🤖 AI Summary
It remains unclear whether video foundation models (VidFMs), trained solely on unlabeled video data, implicitly acquire a global understanding of 3D scene geometry. Existing evaluations lack model-agnostic, quantitative benchmarks for assessing such implicit 3D awareness.
Method: We propose the first model-agnostic quantification framework that probes frozen VidFM features via lightweight, task-specific readout heads to jointly regress multiple 3D properties—including depth, surface normals, and geometric consistency—enabling unbiased, cross-model 3D competency assessment without fine-tuning.

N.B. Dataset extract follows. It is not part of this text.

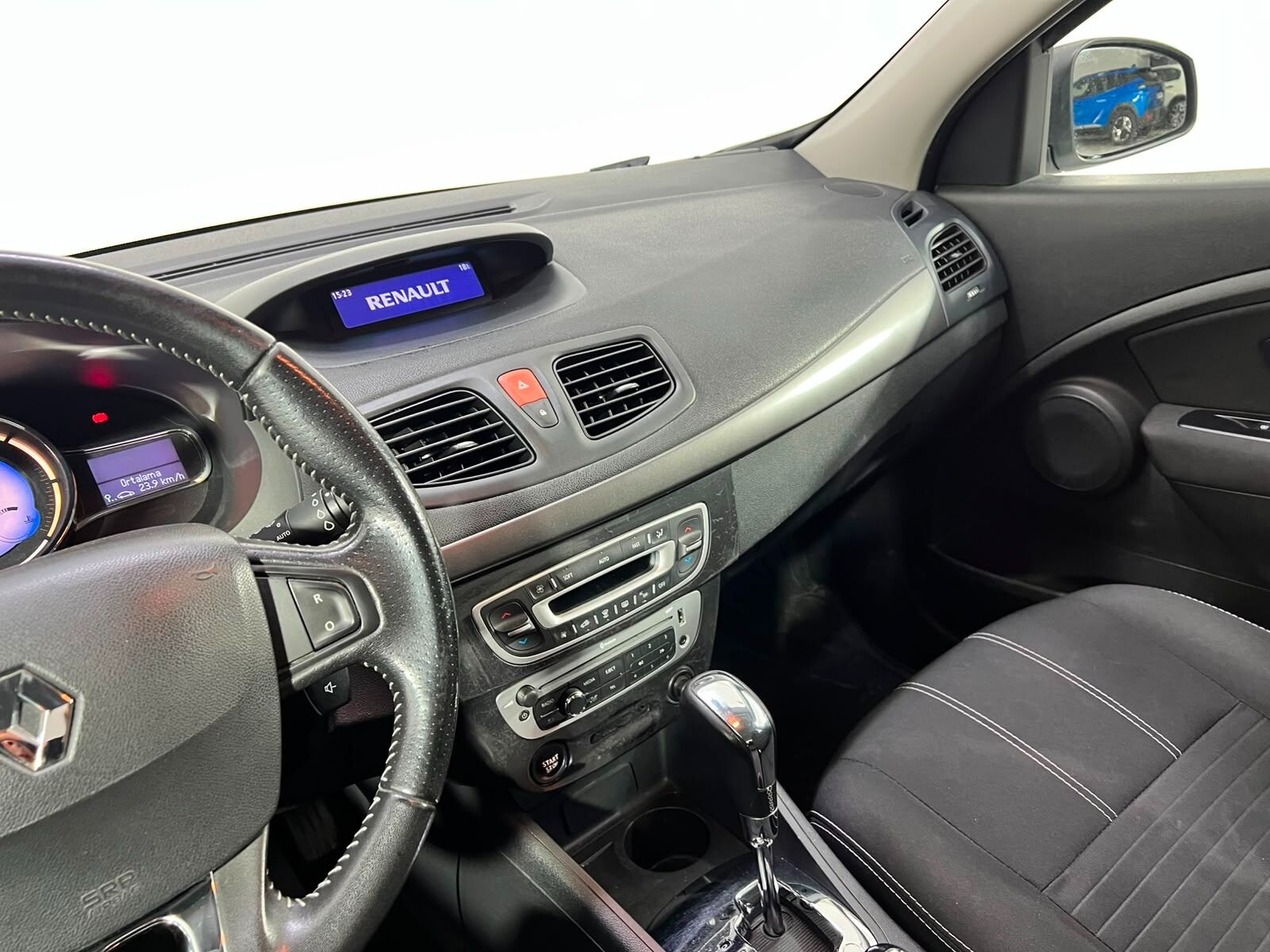 2015 Renault Megane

Contribution/Results: Our experiments demonstrate, for the first time, that leading VidFMs—especially video generative models—exhibit implicit 3D understanding comparable to or exceeding that of dedicated 3D expert models trained with explicit supervision. We establish a standardized 3D perception benchmark and evaluation protocol, offering a scalable paradigm for 3D intelligence acquisition without explicit 3D annotations.
📝 Abstract
Videos are continuous 2D projections of 3D worlds. After training on large video data, will global 3D understanding naturally emerge? We study this by quantifying the 3D understanding of existing Video Foundation Models (VidFMs) pretrained on vast video data. We propose the first model-agnostic framework that measures the 3D awareness of various VidFMs by estimating multiple 3D properties from their features via shallow read-outs. Our study presents meaningful findings regarding the 3D awareness of VidFMs on multiple axes. In particular, we show that state-of-the-art video generation models exhibit a strong understanding of 3D objects and scenes, despite not being trained on any 3D data. Such understanding can even surpass that of large expert models specifically trained for 3D tasks. Our findings, together with the 3D benchmarking of major VidFMs, provide valuable observations for building scalable 3D models.